◆ Assigned task
The entries below are to be transcribed in full, without their images.

◆ Record set

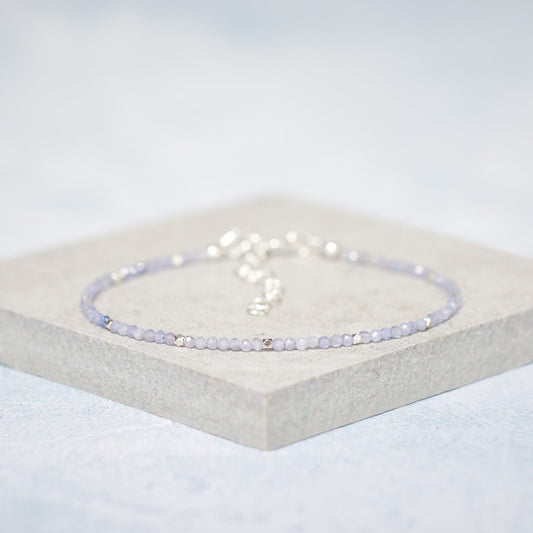 Tanzanite Bracelet - Dainty, Sterling Silver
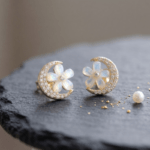 Fashion Gold Tone Crescent Moon and Flower Stud Earrings for Women and Teen Girls, Dainty Celestial Floral Crystal Jewelry, Iridescent Opal-Like Accent - Image 2
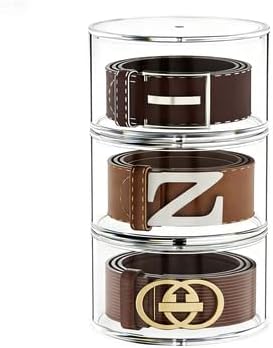 FEMELI Belt Organizer, Acrylic Belt Storage Holder for Closet & Drawer, 3-Layer Stackable Display Case for Belts, Watches, Jewelry and Ties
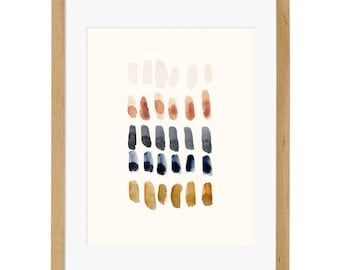Mustard Yellow, Navy Blue, Terracotta and Blush Pink Brushstrokes Printed Wall Art
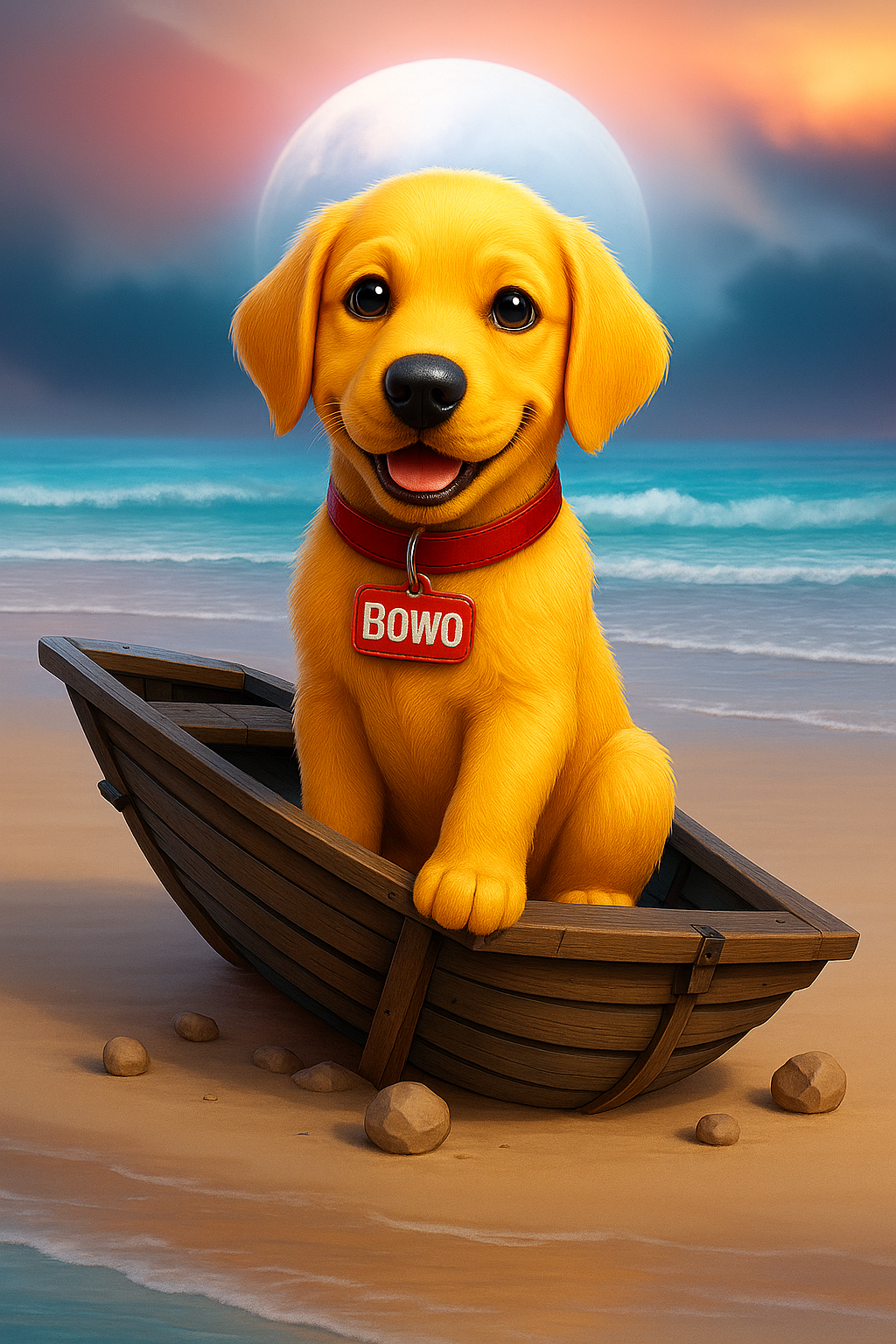 Bowo op het strand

◆ Result of the task
 Tanzanite Bracelet - Dainty, Sterling Silver
 Fashion Gold Tone Crescent Moon and Flower Stud Earrings for Women and Teen Girls, Dainty Celestial Floral Crystal Jewelry, Iridescent Opal-Like Accent - Image 2
 FEMELI Belt Organizer, Acrylic Belt Storage Holder for Closet & Drawer, 3-Layer Stackable Display Case for Belts, Watches, Jewelry and Ties
Mustard Yellow, Navy Blue, Terracotta and Blush Pink Brushstrokes Printed Wall Art
 Bowo op het strand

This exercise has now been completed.